If you want your settings transferred, you can go to Start Menu > All Programs > Microsoft Office > Microsoft Office Tools > Microsoft Office XP Save My Settings Wizard.

Make sure you first open any folder > tools > folder options > click on view tab > Show hidden files and folders.

As for the files, you can just do a simple copy and paste. You should be able to find the files, actually folder, in:

C:\Documents and Settings\USERNAME\Local Settings\Application Data\Microsoft

there, you should see a folder titled Outlook. Copy that folder to a dvd or something.

Then paste it to your new computer (Note: make sure you "Show hidden files and folders" for your new computer as well)
, basically at the same address where you found it on your old computer.

When you open Outlook, click on File > Open > Outlook Data Files > direct it to the address where you pasted it.


----------



## marcyk (Nov 16, 2007)

Toshi,

Thank you so much for your prompt response.

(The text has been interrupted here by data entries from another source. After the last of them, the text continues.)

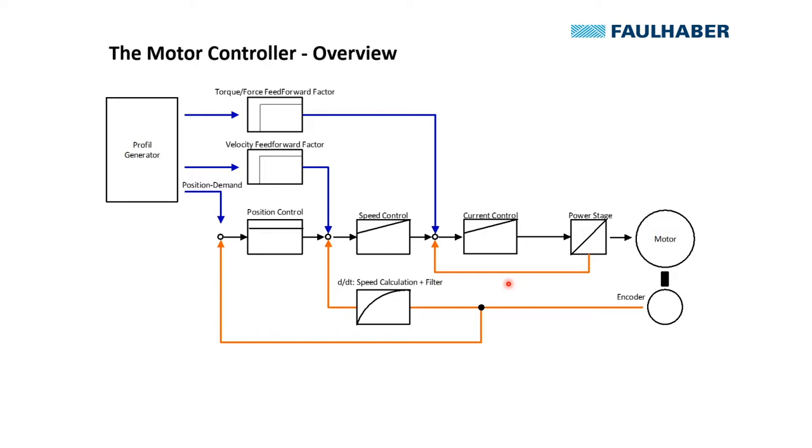This is used by the speed control loop which commands the required torque based on the speed error, and again limits for absolute speed or the speed deviation can be applied.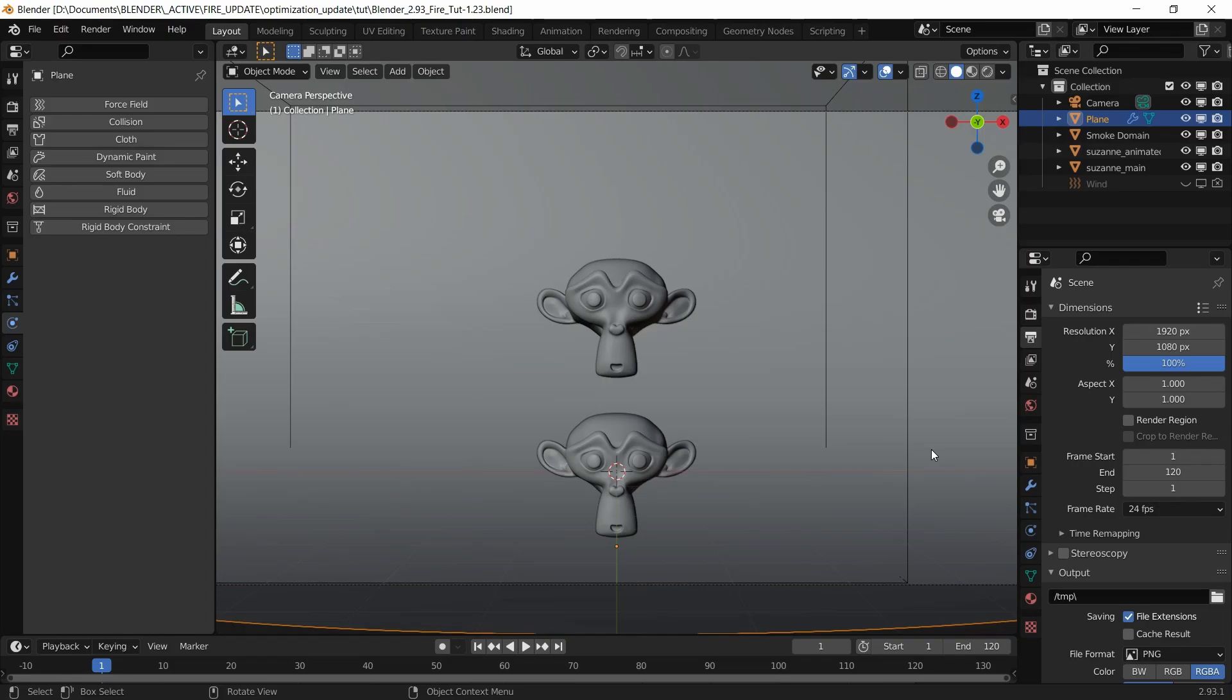Welcome to the third part of this tutorial, where we're going to cover render optimization and also change a little bit of the fire shader itself.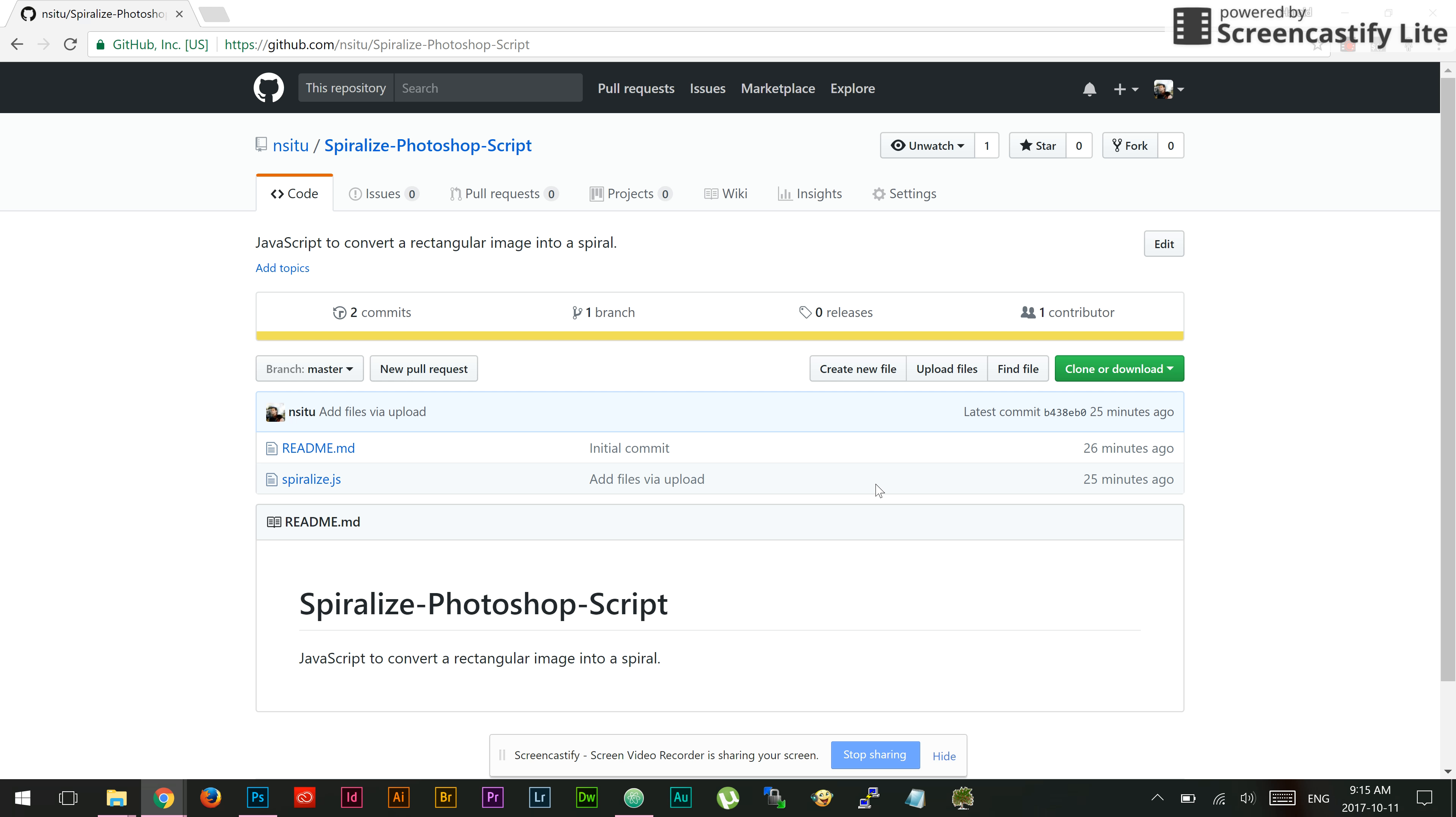I'd like to share with you a Photoshop script that I've called Spiralize. You can get it on GitHub here. I've got a link to it also in my blog.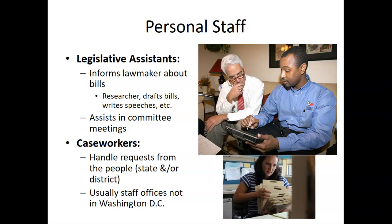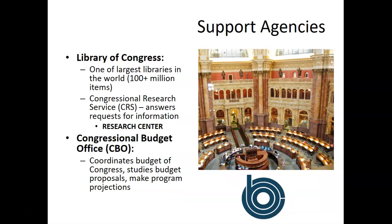Legislative assistants focus on helping congressmen and congresswomen in the office while working on bills or serving on committees. They are researchers, writers, and drafters of bills — mostly former college students who have been through law school. Caseworkers are typically personal staff located back in the home state or district, not in the DC offices, and they handle requests from constituents in that local area.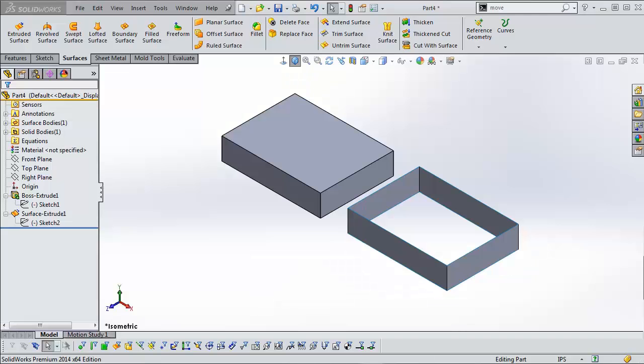Hello, this is Robert with the technical support department here at GoEngineer. We've got another quick tips video explaining surface modeling. This is a basic surface modeling tutorial. We have more detailed videos on specific tools that surfaces can make, but this is more about a general overview of what surface modeling is.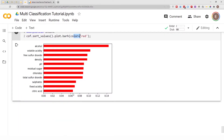That looks cool! Now just looking at this graph, it makes it easier to see that alcohol, volatile acidity, free sulfur dioxide, and residual sugar have the most impact in predicting wine quality. These are the features that contribute most to predicting wine quality.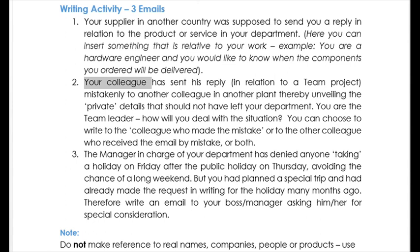Email number two: your colleague has sent his reply in relation to a team project mistakenly to another colleague in another plant, thereby revealing private details that should not have left your department. You are the team leader — how will you deal with the situation? You can choose to write to the colleague who made the mistake, or to the other colleague who received the email by mistake, or you can write to both — that would obviously be two emails. Remember, this would be similar to a confidential document going into the wrong hands.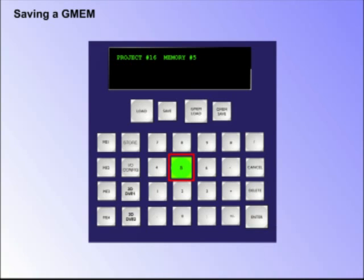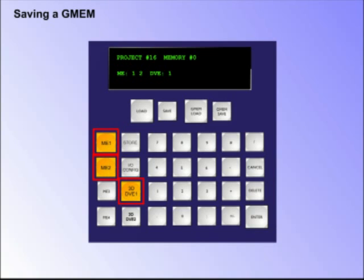Which will become the GMEM memory number. Select which MEs, DVEs, and stores are to be saved within the GMEM by pressing the buttons on the number pad. The buttons will turn orange.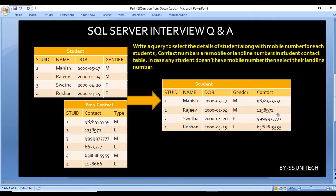If a student doesn't have a mobile number, select their landline number instead. For Student ID 1, they have only a mobile number — display that. For Student ID 2, they don't have a mobile number, so display the landline number. For Student IDs 3 and 4, they have both mobile and landline numbers, so display only the mobile number. Let's move to SQL Server Management Studio to write this query.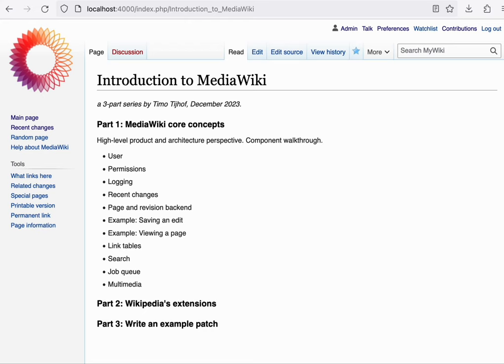Introduction to MediaWiki. In this three-part series, I'll be walking you through some of the general concepts of MediaWiki.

I'd like everything, but am particularly concerned with the Address Book and the folder in my Inbox, which is where I have separate folders for my e-mail correspondence with each of my clients.


----------



## marcyk (Nov 16, 2007)

Toshi,

I tried to locate C:\Documents and Settings\USERNAME\Local Settings\Application Data\Microsoft, but this doesn't exist. I looked both in my desktop, which I'm replacing, and my laptop, and could find nothing for Outlook. I wanted to import the Personal Address Book on my desktop to my laptop, but can't do it without locating the .pab file on the desktop. It just appears to not exist, which doesn't seem possible.


----------



## tosh9i (Aug 3, 2006)

You did follow these steps, right:

Make sure you first open any folder > tools > folder options > click on view tab > Show hidden files and folders.

If so, then run a complete search on your computer for the word: Outlook
Also, run another search for: Personal Folders


----------



## marcyk (Nov 16, 2007)

I just went to Microsoft Office Tools. It doesn't have Microsoft Office XP Save My Settings Wizard. However, a friend of mine suggested going to Accessories/System Tools/Files and Settings Transfer Wizard, which I do have. How is this different than what you suggested?


----------



## tosh9i (Aug 3, 2006)

The Microsoft Office XP Save My Settings Wizard is designed to save the settings for Microsoft Office only.

I have never tried the "Files and Settings Transfer Wizard", but I think your old computer has to be "connected" to the new one.

Any results on the Search?


----------



## marcyk (Nov 16, 2007)

I'm in the midst of the search right now.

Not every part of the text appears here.